No, it’s the repeated nature. So I think, there’s something about having insight into your; I’m talking about my memory, your memory, our memory, you know, you, you might forget the name of someone on the television, it’s just a one-off, but during the course of a twenty-four hour period you wouldn’t expect to have two/three/four different occasions where memory or recall just isn’t, or it’s, it’s just not there; and sometimes those events, those, those opportunities, you, I can do a complete day and everything was fine and other days I’ll have a dozen. So, it isn’t even as though it’s a consistent, it, there could be peaks and troughs between, you know, “ah, you know, this is, it’s been a” you know, I already, thing is you don’t, I never, I can remember thinking you, I don’t have good days; when it, this first started there wasn’t such a thing as a good day or a bad day, there was just days. So, then I now started seeing bad days, bad days when, when I needed more prompts, I needed to ask more questions. I don’t know if that makes sense?

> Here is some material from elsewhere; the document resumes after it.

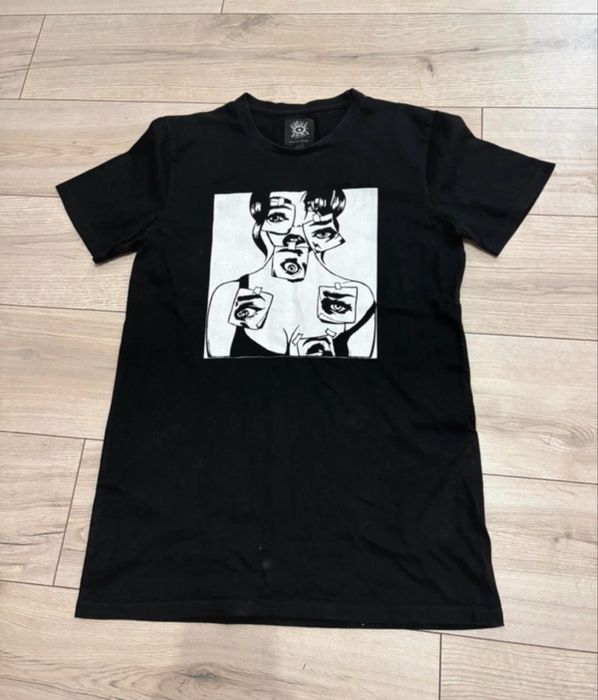 oczka deys merch t-shirt haszshins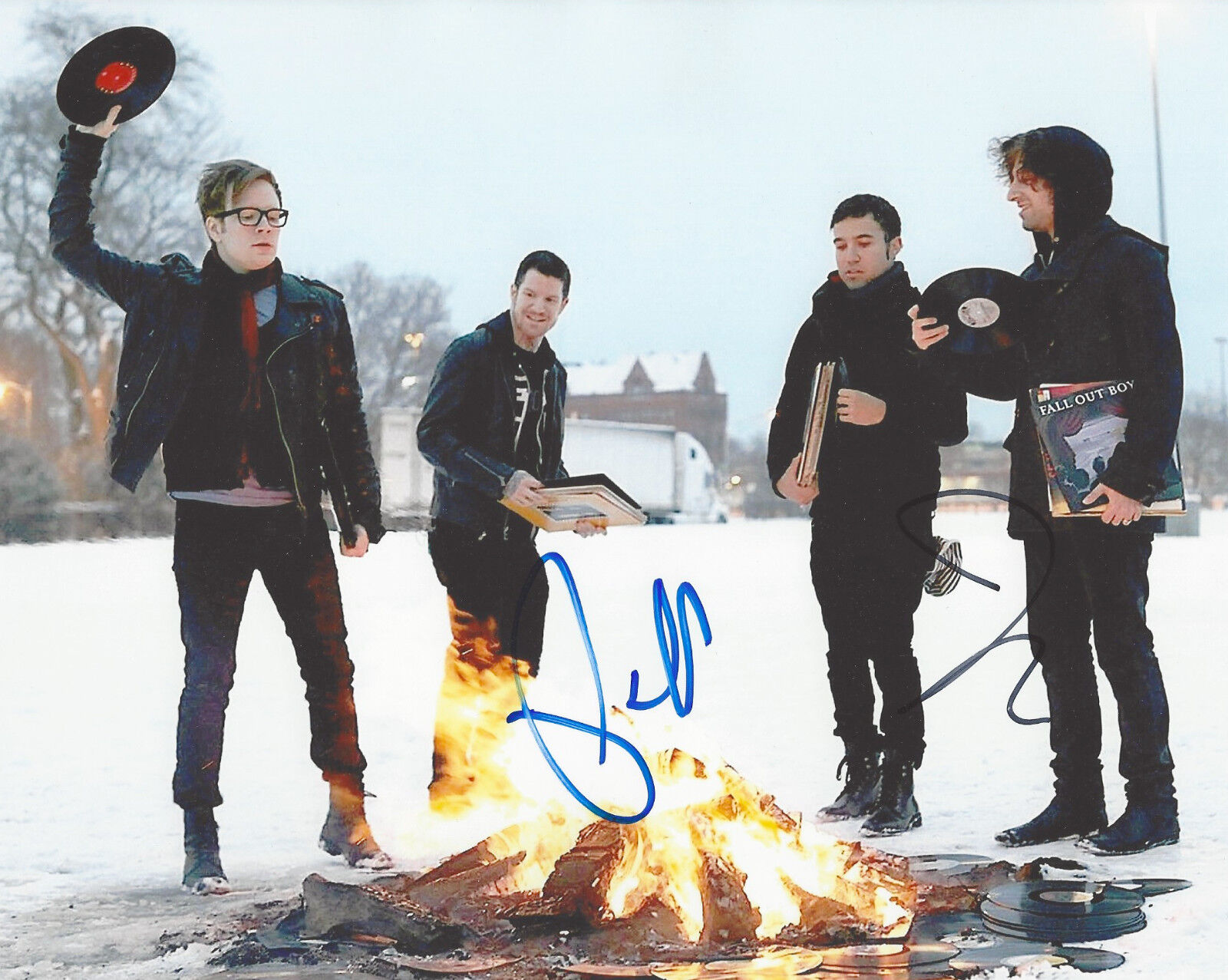 FALL OUT BOY (PETE WENTZ & JOE TROHMAN) DUAL SIGNED 8X10 Photo Poster painting w/COA FOB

I know hallucinations is something that can happen with Lewy Body; is that something that you’ve experienced?

Yes, yeah, yeah, yeah, and it is quite – perhaps I should have said this at the beginning and I forgot, is the fact that there is, the hallucinations were there but of course you don’t realise that they’re hallucinations because, for me it was animals, so I might see a cat or a rabbit or something like that, and often they were in context. I might have felt or seen someone out of the corner of my eye in the office, a telephone ringing and I’d pick it up and the, but it wasn’t ringing, so they were auditory as well, but someone calling my name. So, so they are [sighs] you don’t know that they’re hallucinations until you start reading the literature [laughs] and people, then you, and people say, “Have you had hallucinations?” “Well, no, I don’t have hallucinations, I sometimes think I see things.” Oh, that’s what you mean by hallucination.

So, are you, when you experience that is it something else that’s there that you’ve misinterpreted?

Yeah, because you see I think when we talk about the word hallucination that may well conjure up seeing things that are abnormal with Lewy Body dementia some, they’re often normal, they’re not frightening and [sighs] the, you know, the presence of somebody else, it’s not something that, you know, I get frightened with, ooh it’s a ghostly apparition or something like that, it isn’t, you know, I see the cat going across, then I look again and the cat isn’t there.

OK, mm hmm.

Yeah, and the auditory ones, you know, the phone ringing, you just think oh I must have just misheard something.

So, which came first, the diagnosis of Lewy Bodies or Parkinson’s?

Right, so I can tell you the entire story; would that, would that help if, if I told you my, my, my entire diagnosis?

I didn’t think, I didn’t think I had dementia, I didn’t think I had Alzheimer’s in particular, I, let’s, let’s say that I didn’t think I had Alzheimer’s and I had all of the tests, was then seen by the consultant psychologist within the community mental health team who said, “Well I think you’ve got mild cognitive impairment; however I also would like you to be seen by a neurologist because you, there is a slight tremor and I think it would be useful.”